During the holiday season there are more activities available in a single night than at any other time of the year. And this weekend was no exception: Holiday show, holiday party and holiday bar discounts.
Larrymore, the Russian and I began the evening at the Jackie Beat show. The Russian had gone the year prior and knew the rest of us would appreciate the depraved humor, he was correct. As our hostess belted out dirty songs and cutting remarks the room was a continuous eruption of laughter. If you’re looking to make plans for next year be sure to check out the video at the bottom of the page – well worth the ticket price!

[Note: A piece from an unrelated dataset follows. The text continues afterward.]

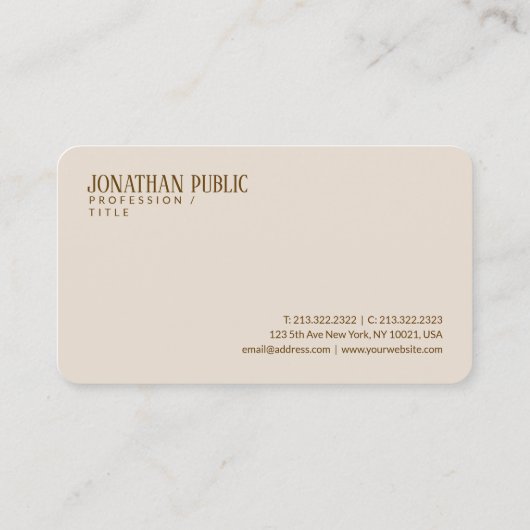 Elegant Brown Beige Rounded Corner Luxurious Silk 名刺 (裏面)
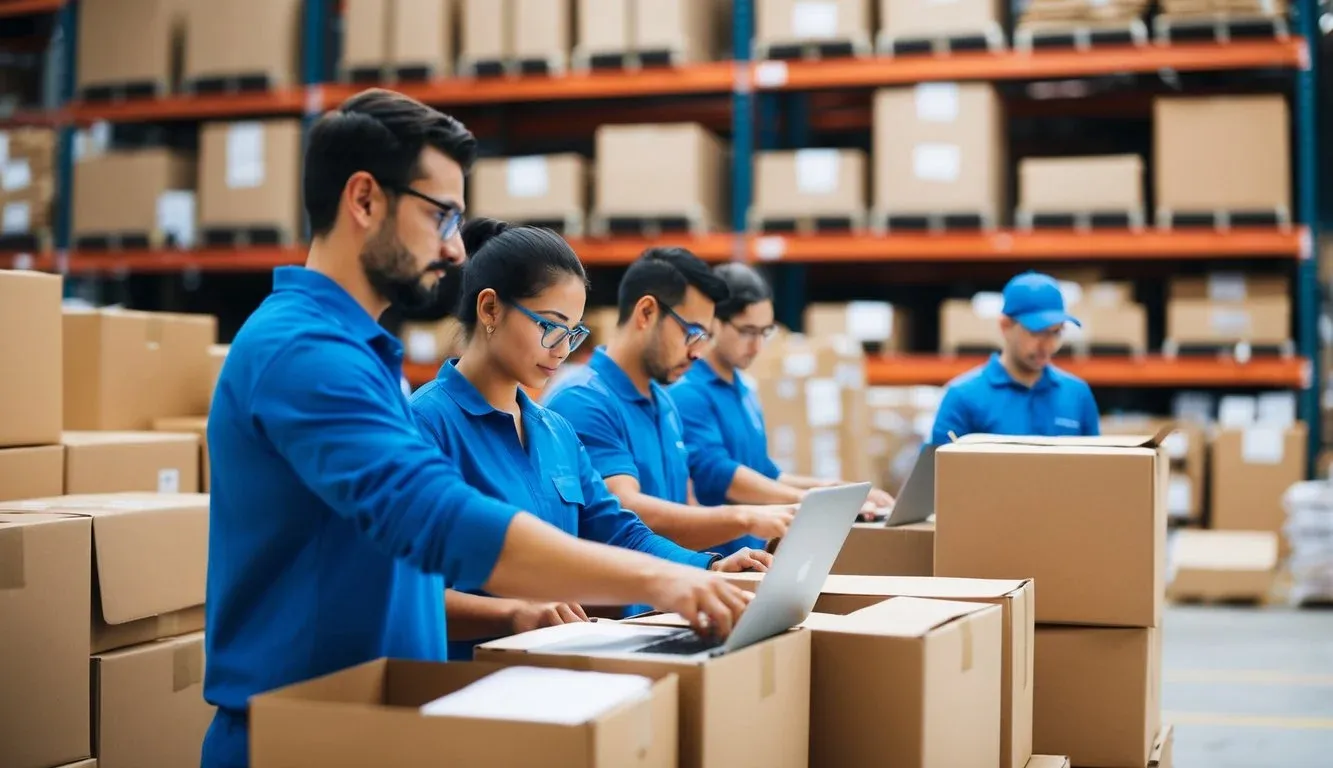 A team of workers efficiently processes orders in a bustling dropshipping warehouse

But after a drag queen’s show and two glasses of wine our trio was forced to forge ahead in the pelting snow to reach our next destination: HK House Party. Considering that is was snowing inside and out, I do recall we all had a good time. There was one short-lived appearance by Mr. Kitty. We weren’t able to talk, but he positioned himself outside the bathroom door at one point so we were face-to-face when I exited. Thinking it was funny, and knowing it would be awkward, as he spoke I leaned in until our noses were touching. It’s fun to watch what happens when you make people uncomfortable. Unless it’s me that’s uncomfortable, that I despise. Mr. Kitty and his friends left ten minutes later – though I don’t think it had anything to do with me.
After no time at all we migrated to the bar, soaked and looking like shit. But we were drunk and having a fantastic time. Now, when I’m sober I have the urge to text Late Night, but when I’m drunk I really have the urge and it’s usually uncontrollable. As luck would have it he wasn’t too far and was willing to stop by Industry. Ten drunk seconds after making this plan I started mentally shitting myself as I was putting Late Night, and both our friends in the same place. I enjoy living in this pretend world where I control everything, this was definitely a situation that I wouldn’t be able to manipulate. What if Late Night arrived and my friends hate him? What if Late Night hated my friends? What if a gay-turf-war-knife-fight broke out and there was a slew of casualties? Ok, that almost never happens, but you get the idea.
Late Night and his friends arrived, we did introductions and all was going well. Then I heard Late Night say to the Russian, “You know who I am, right?” This is the part where all the little tid bits I share here can flare up and burn off my eyebrows. Thank little baby Jesus that my friends are incredibly cool and Late Night takes my blog with a giant grain of salt. The panic began to subside, and my friends as well as Late Night’s had vanished, leaving us to make out in the corner. I actually felt bad about this, not because I care if anyone sees [other than friends], but Foxxy Business had been chastised the night before for doing the same thing. Now I was entering the slutty tongue club: shame. But again, once drunk there’s really no controlling my already questionable actions.
Surviving all of this, the night had one more plot twist in store, we all ended up at Late Night’s friends apartment. An amazing place on the forty-something floor of a new building. I recall mentioning it would be perfect to jump from if ever suicidal, it really would be, you’d hit the ground so fast there wouldn’t be time for a second thought. Just a fun fact for anyone on the hunt for a new apartment or location to leap.
And once the night truly wrapped up and we shuffled into cabs going opposite directions, I realized that even though I had no control over the evening once it was set in motion, it still turned out to be pretty spectacular…Christmas songs and all.